The second condition seems like a mouthful, so let me try to elucidate it a bit. Assume the two arrays are A and B and have been labelled such that the length of A is smaller than or equal to B. Also, the length of array A is n, and length of array B is m. Array A may be cut at some index i and array B at some index j. The relationship between i and j is simply that i + j must equal (m - i) + (n - j) (or (m - i) + (n - j) + 1). This satisifies the first condition.

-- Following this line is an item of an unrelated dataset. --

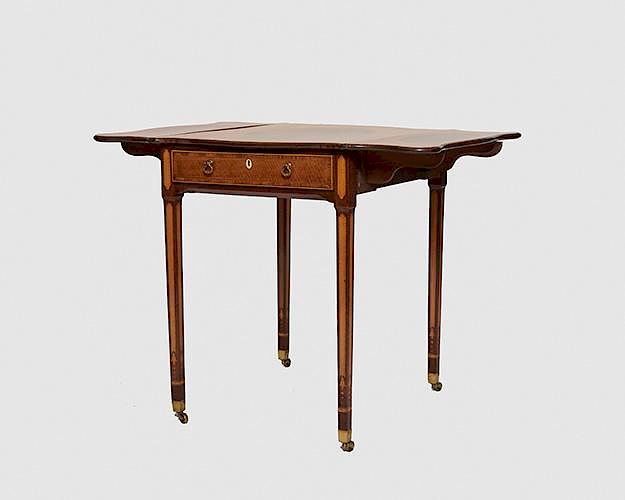 Appraisal: George III Satinwood Inlaid Pembroke Table late th century George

The second condition requires that all the elements in the left halves are less than all the elements in the right halves. To check for this, take advantage of the fact that the arrays are sorted. Thus, all the elements in A’s left half is obviously less than all the elements in A’s right half. If the largest element in A’s left half, A[i-1], is less than the smallest element in B’s right half, B[j], then certainly, all the elements in A’s left half are smaller than all the elements in B’s right half. Symmetrically, if the largest element in B’s left half, B[j-1], is smaller than the smallest element in A’s right half, A[i], then certainly, all the elements in B’s left half are smaller than all the elements in A’s right half.
More succintly, A[i-1] < B[j] and B[j-1] < A[i] satisfies the second condition.
So basically, i and j must simply be adjusted to keep the left halves total and right halves total equal and the A[i-1] < B[j] and B[j-1] < A[i] must be checked to find the true median.
This can be done by setting i to 0 and iterating up to i equals m, all the while reducing j accordingly and checking for the second condition. If at anypoint the second condition is met, the true median is found.
Since the linear time solution iterates through A, only the B[j-1] < A[i] condition must be checked. i is checked from the 0 and upwards, so A[i-1] < B[j] need not be checked, since all smaller i’s will have been checked. Also, care must be taken to address the boundary conditions where i = 0, j = 0, i = m, and j = n, because at these cases A[i-1], B[j-1], A[i], and B[j] do not exist.
Java
class Solution {
private double average(int a, int b)
{
return (a + b) / 2.0;
}
public double findMedianSortedArrays(int[] nums1, int[] nums2)
{
int m = nums1.length;
int n = nums2.length;
if (m > n) // Ensure nums1 is the smaller array.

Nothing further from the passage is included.